Another concept, developed by L.R. Wallis in 1900 was to have a parent battery company, from which batteries would be leased, and then swapped out when needing recharging for already charged batteries. This idea has been revived with Shai Agassi’s company Better Place in the 2000s, which hoped to develop a network of battery exchange centers, before entering bankruptcy. Similarly, electric garages, modeled on livery stables (for horses) were established to limit the owner’s need to deal with the difficulties of charging and maintaining the car.
While range and charging issues were obvious downsides, the primary advantages of electric vehicles at the time had to do with user interface. Charles Kettering had yet to develop the self-starter, so gasoline engines required the user to get out and crank. This was a non-starter for upper-income women, who thus preferred electric vehicles. EVs were often marketed to women, but this feminizing of the product may have discouraged men. An emerging middle class of urban professionals, managers, and white-collar workers formed a market for a new type of transportation.

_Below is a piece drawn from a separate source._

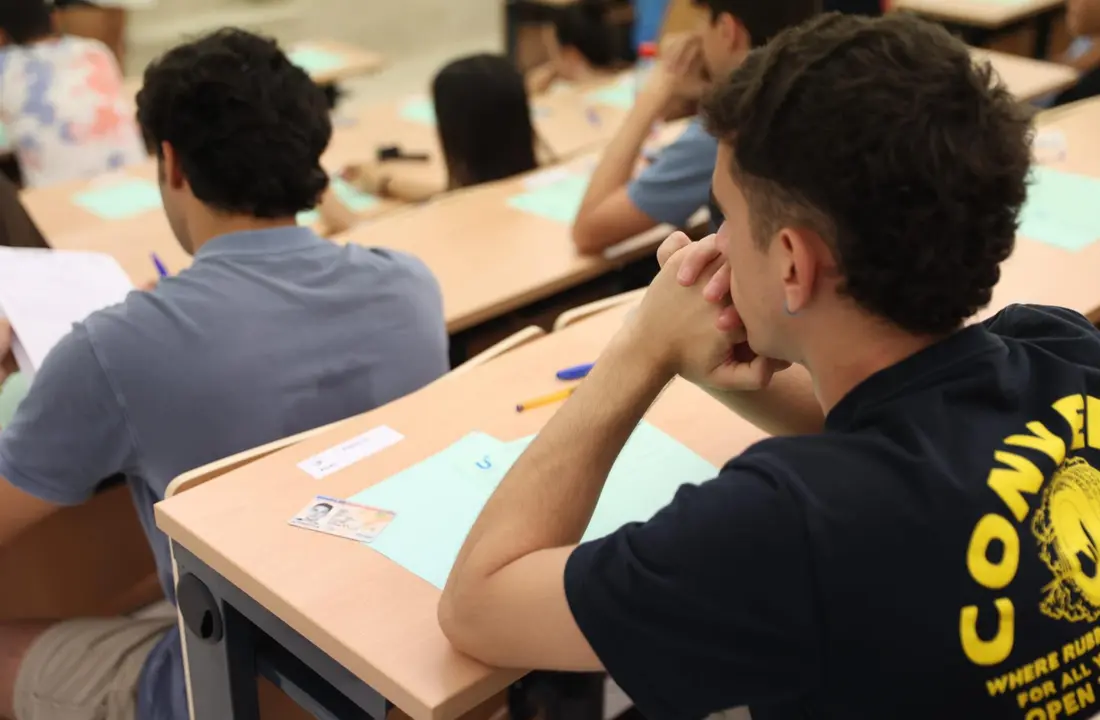  Archivo - Estudiantes en el lugar de realizaci&oacute;n de la PEvAU, foto de archivo - JUNTA DE ANDALUC&Iacute;A - Archivo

The best-selling Oldsmobile sold only 425 vehicles in 1900. The market was still minuscule, but growing exponentially. Detroit in 1900 was much like Silicon Valley in the 1970s, with its HomeBrew Computing Club that begat Apple Computer and Microsoft. By 1912 Model T sales reached 82,388, in 1914: 200,000, in 1915: 400,000. Despite Edison’s encouragement of Ford’s gasoline-powered car, as noted in the opening quote, later Edison and Ford worked together in a failed attempt to bring about an electric car that was competitive with gasoline-powered vehicles.
In 1900 and 1905 the 1,200 electrics sold were fewer than 10 percent of all vehicle sales. Ultimately EVs fell further and further behind as economies of scale drove down the relative cost of its competitors, attracting a greater and greater share of consumers. Like Internal Combustion Engines (ICEs), EVs were rising in sales, but at a much more modest pace, growing to only 6,000 vehicles in 1912.
Because of the difficulty consumers had with charging, Salom and Morris of the Electric Storage Battery (ESB) Company proposed a fleet of rental cars (an antecedent to car sharing), where professional would charge and maintain the vehicles. Individuals would still rent or lease a particular car. However, this failed to get critical mass, and required picking up the car, rather than storing it at home. In the end this became a fleet of cabs, where instead of recharging batteries in the vehicle, batteries would be swapped in and out, and charged (slowly) out of the vehicle.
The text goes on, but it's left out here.